§ INSTRUCTIONS FOR THE TASK
Look through the lines below, find those with the word "Peugeot", and copy them.

§ RECORDED DATA
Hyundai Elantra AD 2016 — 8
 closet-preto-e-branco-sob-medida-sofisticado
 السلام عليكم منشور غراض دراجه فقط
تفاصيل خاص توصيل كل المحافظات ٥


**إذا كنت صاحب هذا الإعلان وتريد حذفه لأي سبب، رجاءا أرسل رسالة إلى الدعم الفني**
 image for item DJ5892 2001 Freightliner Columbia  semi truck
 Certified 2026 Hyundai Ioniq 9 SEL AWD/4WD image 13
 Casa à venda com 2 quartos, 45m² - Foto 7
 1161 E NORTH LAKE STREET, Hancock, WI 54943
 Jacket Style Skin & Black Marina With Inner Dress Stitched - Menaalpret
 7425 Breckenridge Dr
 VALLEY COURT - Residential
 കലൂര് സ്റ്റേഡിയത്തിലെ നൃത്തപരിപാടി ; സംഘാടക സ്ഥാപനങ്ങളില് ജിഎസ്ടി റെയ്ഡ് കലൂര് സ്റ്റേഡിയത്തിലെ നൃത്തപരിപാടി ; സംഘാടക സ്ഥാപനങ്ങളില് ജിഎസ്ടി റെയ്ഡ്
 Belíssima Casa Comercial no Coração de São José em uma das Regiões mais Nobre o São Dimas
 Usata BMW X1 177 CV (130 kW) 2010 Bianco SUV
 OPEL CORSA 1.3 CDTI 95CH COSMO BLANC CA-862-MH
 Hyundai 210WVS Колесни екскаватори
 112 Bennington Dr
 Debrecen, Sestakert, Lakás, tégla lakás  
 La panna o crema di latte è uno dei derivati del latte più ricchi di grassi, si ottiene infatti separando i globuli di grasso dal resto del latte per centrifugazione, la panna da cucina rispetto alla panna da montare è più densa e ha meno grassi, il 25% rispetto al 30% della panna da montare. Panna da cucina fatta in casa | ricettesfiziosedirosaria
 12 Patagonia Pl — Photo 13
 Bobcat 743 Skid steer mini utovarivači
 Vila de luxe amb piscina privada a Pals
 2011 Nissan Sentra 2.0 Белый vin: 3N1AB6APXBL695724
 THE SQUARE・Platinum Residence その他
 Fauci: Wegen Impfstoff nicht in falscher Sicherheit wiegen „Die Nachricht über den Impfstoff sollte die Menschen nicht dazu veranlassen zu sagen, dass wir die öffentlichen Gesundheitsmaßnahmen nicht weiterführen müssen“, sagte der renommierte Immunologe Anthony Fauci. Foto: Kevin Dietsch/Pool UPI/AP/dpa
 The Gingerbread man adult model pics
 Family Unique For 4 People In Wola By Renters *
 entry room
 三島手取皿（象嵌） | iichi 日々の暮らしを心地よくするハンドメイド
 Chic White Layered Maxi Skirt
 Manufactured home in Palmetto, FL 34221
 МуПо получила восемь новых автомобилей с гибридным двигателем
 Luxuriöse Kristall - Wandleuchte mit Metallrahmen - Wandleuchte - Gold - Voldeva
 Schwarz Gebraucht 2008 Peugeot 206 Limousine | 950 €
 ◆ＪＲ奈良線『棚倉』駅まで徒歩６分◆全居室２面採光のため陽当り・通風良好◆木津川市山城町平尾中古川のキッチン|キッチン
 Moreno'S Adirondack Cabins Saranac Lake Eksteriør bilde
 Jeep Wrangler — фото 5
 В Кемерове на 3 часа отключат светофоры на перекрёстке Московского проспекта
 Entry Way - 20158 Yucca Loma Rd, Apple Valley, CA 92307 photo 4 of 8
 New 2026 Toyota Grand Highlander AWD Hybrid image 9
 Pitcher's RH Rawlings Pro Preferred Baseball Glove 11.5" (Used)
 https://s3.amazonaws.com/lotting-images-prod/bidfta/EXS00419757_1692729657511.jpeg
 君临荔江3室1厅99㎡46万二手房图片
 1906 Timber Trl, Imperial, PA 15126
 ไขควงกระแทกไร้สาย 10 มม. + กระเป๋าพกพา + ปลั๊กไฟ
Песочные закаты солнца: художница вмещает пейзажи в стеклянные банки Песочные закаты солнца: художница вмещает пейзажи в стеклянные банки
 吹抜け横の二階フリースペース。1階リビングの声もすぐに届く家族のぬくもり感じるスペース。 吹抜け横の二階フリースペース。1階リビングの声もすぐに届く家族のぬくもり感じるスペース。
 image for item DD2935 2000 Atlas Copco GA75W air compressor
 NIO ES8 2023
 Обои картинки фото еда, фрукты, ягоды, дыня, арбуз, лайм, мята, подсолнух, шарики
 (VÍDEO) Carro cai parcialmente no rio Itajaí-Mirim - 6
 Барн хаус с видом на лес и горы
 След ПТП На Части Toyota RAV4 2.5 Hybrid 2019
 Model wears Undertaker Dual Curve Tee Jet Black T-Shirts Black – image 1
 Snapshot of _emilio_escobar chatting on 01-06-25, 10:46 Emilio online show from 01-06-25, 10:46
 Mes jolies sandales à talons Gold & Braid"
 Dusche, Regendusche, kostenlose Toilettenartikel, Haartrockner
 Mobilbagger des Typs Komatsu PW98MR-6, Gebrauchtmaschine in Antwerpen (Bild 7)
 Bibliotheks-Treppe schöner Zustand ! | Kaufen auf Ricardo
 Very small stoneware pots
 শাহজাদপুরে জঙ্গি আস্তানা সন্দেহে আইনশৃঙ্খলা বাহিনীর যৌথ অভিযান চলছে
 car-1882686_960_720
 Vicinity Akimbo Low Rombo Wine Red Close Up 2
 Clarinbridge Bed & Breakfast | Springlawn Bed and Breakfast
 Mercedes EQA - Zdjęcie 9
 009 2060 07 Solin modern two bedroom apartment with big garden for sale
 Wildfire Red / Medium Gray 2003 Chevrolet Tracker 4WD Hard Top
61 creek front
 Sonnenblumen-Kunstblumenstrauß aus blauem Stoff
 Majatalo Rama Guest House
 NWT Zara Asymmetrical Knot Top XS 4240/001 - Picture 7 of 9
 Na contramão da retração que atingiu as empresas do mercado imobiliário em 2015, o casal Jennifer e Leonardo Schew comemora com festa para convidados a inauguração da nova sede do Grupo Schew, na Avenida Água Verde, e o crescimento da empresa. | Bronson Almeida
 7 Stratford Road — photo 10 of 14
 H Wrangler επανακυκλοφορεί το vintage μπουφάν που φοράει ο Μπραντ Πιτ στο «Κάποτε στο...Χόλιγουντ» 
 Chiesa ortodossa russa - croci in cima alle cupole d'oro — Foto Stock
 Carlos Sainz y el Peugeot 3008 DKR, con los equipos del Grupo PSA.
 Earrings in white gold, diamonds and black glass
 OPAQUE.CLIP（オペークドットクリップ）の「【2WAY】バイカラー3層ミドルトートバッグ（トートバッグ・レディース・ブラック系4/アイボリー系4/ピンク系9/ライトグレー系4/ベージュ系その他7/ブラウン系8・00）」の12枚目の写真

§ RESULT OF THE EXERCISE
 Schwarz Gebraucht 2008 Peugeot 206 Limousine | 950 €
 Carlos Sainz y el Peugeot 3008 DKR, con los equipos del Grupo PSA.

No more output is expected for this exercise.